==== DATA EXCERPTS
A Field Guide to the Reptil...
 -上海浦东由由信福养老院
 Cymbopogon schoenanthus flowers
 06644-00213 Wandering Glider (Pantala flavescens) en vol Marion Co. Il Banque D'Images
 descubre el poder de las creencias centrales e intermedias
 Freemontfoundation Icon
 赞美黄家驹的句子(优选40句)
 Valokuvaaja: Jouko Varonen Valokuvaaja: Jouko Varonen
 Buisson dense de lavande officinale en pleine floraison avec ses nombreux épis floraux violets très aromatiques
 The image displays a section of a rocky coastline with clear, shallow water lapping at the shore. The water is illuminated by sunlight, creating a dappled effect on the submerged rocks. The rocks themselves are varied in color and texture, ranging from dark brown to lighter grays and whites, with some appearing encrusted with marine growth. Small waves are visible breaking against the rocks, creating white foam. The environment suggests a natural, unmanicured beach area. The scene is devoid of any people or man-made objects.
========
#### [WORK TASK]
Print every line of the material above exactly.

#### [ANSWER TO THE PROBLEM]
A Field Guide to the Reptil...
 -上海浦东由由信福养老院
 Cymbopogon schoenanthus flowers
 06644-00213 Wandering Glider (Pantala flavescens) en vol Marion Co. Il Banque D'Images
 descubre el poder de las creencias centrales e intermedias
 Freemontfoundation Icon
 赞美黄家驹的句子(优选40句)
 Valokuvaaja: Jouko Varonen Valokuvaaja: Jouko Varonen
 Buisson dense de lavande officinale en pleine floraison avec ses nombreux épis floraux violets très aromatiques
 The image displays a section of a rocky coastline with clear, shallow water lapping at the shore. The water is illuminated by sunlight, creating a dappled effect on the submerged rocks. The rocks themselves are varied in color and texture, ranging from dark brown to lighter grays and whites, with some appearing encrusted with marine growth. Small waves are visible breaking against the rocks, creating white foam. The environment suggests a natural, unmanicured beach area. The scene is devoid of any people or man-made objects.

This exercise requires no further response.